Кто-то закричал. Ирга хотела крикнуть в ответ, но в горле пересохло, и заместо крика получился хрип. После проклятого Змеелова и колдунства, что он заставил совершить Иргу, во рту все время было сухо. Девка откинула одеяло и села. В избе стояла тишина. Последний месяц Звенигласка едва чутно храпела во сне, и, хоть Ирга злилась всякий раз, как думала о ятрови, звук этот странным образом успокаивал. Василек же спал вообще неслышно, иной раз казалось, что помер, но сестра брата всегда почует, тут не нужны ни звуки, ни запахи. В избе, окромя Ирги, не было никого.

Она спрыгнула с печи, осторожно прошлась по холодным скрипучим половицам и все же заглянула за занавеску. С тех пор как Василь надел Звенигласке на запястья свадебные наручи, избу пришлось переделать. Ясно, что, слишком взрослые, брат с сестрой давно не спали вместе, но до прихода в их дом Беды было иначе. Василь устраивался на полатях и, к бабскому позору, всегда пробуждался первым. Ирга же спала на женской половине за занавеской, как заведено в Гадючьем Яре, да и на Большой земле почти что у каждого народа. Нынче же на полатях устроили Иргу, а бывший женский угол отвели молодым. Неделя-другая – родится Соколок… Ирга содрогнулась, мысленно произнеся имя сыновца. Соколок… Да… Родится младенец – станет совсем тесно. Даже вечно улыбчивая Звенигласка и та не выдержит, спросит, не пора ли Ирге прочь со двора…

Молодых на месте не оказалось. Ирга зябко поежилась: одна, в избе, окруженной туманом, она вспомнила не только дурной сон, но и все страхи, что одолевали ее сызмальства. Спасибо хоть воды дома имелось вдосталь. Ирга зачерпнула ковшом и сама не заметила, как осушила его до дна. От входа потянуло холодом – сердечко дрогнуло. С детства, напуганные враками, Ирга и Василек запирались на щеколду, а нынче через щель заползал сквозняк. Девка метнулась закрыться и тогда только увидела брата, сидящего на влажной от росы ступеньке спиною к двери.

– Вас… – окликнула она, но брат не услышал.

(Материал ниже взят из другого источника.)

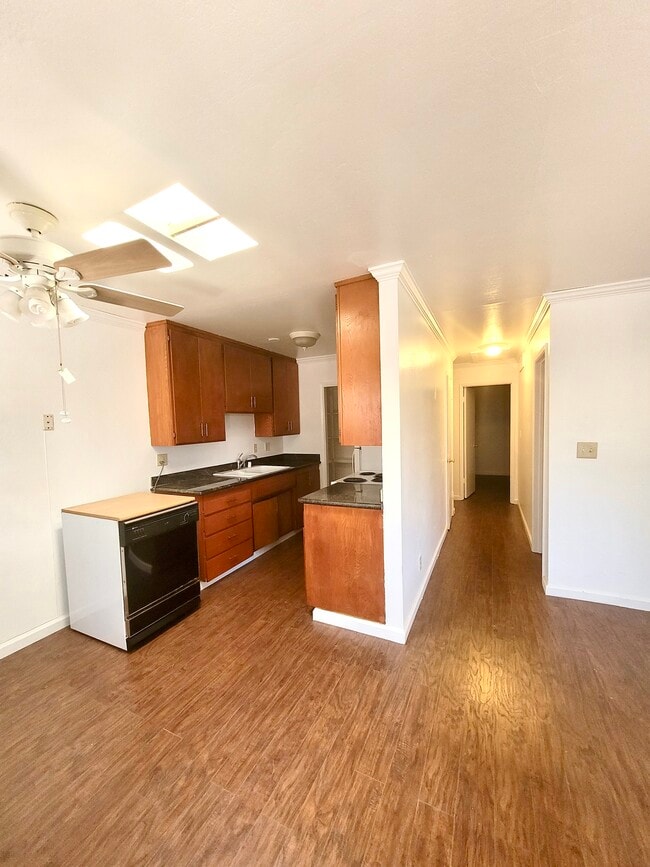 Photo - 1586 Albatross Dr Unit Apt 2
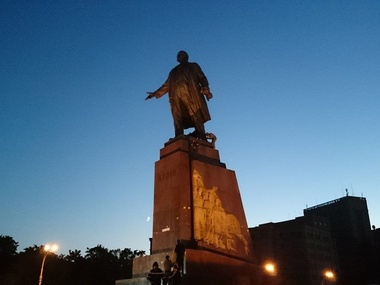 В Харькове митингующие пилят ноги памятнику Ленину. Фоторепортаж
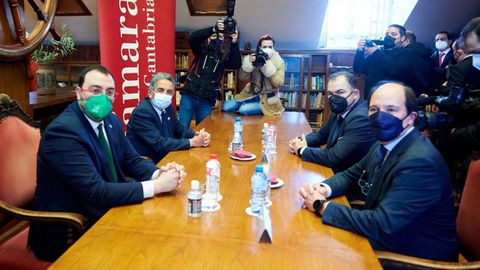 Los presidentes de Asturias, Adri�n Barb�n y de Cantabria, Miguel �ngel Revilla,  durante un encuentro institucional en Santander con las C�maras de Comercio de Cantabria y Oviedo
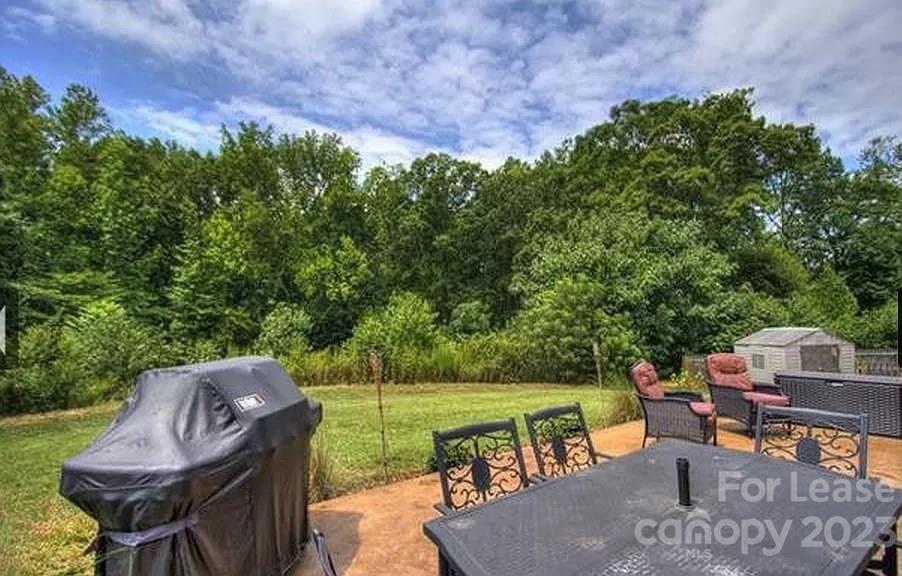 Hamilton Lakes - Residential Lease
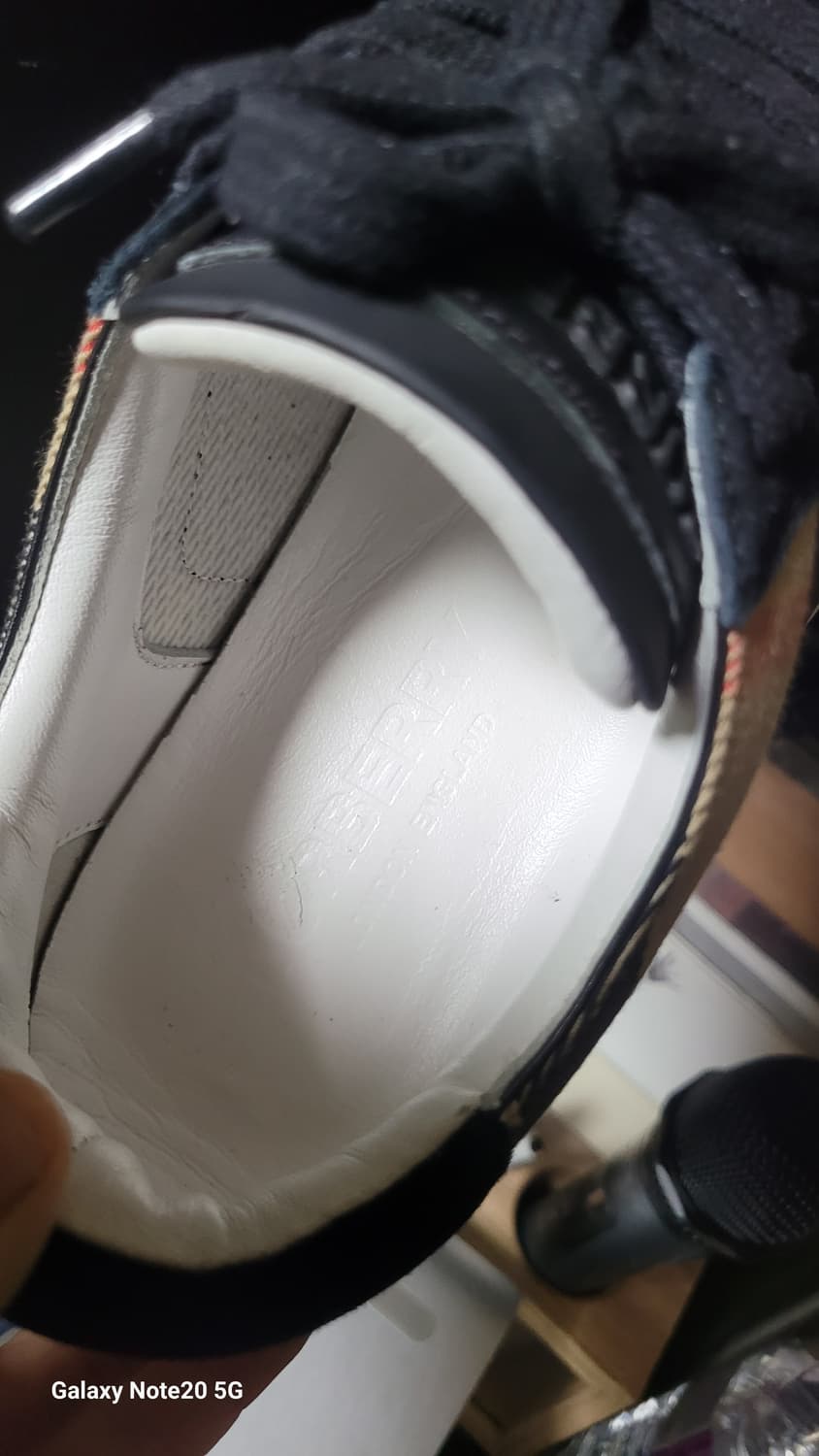 버버리 스니커즈 상품이미지6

Рыжие кудри Василька золотились заместо рассветных лучей, в низину не достающих. Он слегка покачивался из стороны в сторону и мурлыкал себе под нос давно позабытую песню. Дневное светило поднималось все выше, но никак не могло затопить светом темный овраг, в котором прятался дом, и туман, чуя, что время его на исходе, становился лишь гуще у нижней ступени крыльца.

– Василек!

Брат не обернулся. Лишь, кажется, петь стал громче. Зато туман заполз еще на ступень выше, почти коснулся пальцев на босых ступнях. Ирга распахнула дверь, та стукнула об косяк, но отчего-то не раздалось ни звука. Лишь песня продолжала звучать…

– Вас, пойдем домой! – взмолилась Ирга.

Она наклонилась, тронула брата за плечо. Тот качнулся еще раз и замер. А у Ирги снова пересохло во рту. Туман, оплетающий ноги Василька, был черным. Да и не туман вовсе, а длиннющий змеиный хвост. Кольца сжимались, новыми и новыми петлями захлестывали тело. Но Василек словно не видел. Сидел, улыбаясь, и мурлыкал себе под нос.

– Вас! Василек! Ва-а-а-ас! – Ирга трясла его изо всех сил, кричала и звала… – Вас! Вас, проснись! Проснись, пожалуйста!

Она заплакала и… проснулась.

Холодные слезы царапали скулы и ныряли в уши. Она лежала на спине, вытянувшись стрункой, и таращилась в потолок. Во рту было сухо от ужаса. Ирга хотела вскочить, но запуталась в одеяле и с грохотом свалилась на пол.

– Ирга! Живая?

Первое, что она увидела, – запертую на щеколду дверь. Потом ноги брата и обеспокоенное, круглое ото сна лицо Звенигласки.

– Серденько, ушиблась?

Ирга натянуто улыбнулась – пересохшие губы треснули.

– Повернулась неловко, – соврала она. – Бывает же. Ровно дите малое…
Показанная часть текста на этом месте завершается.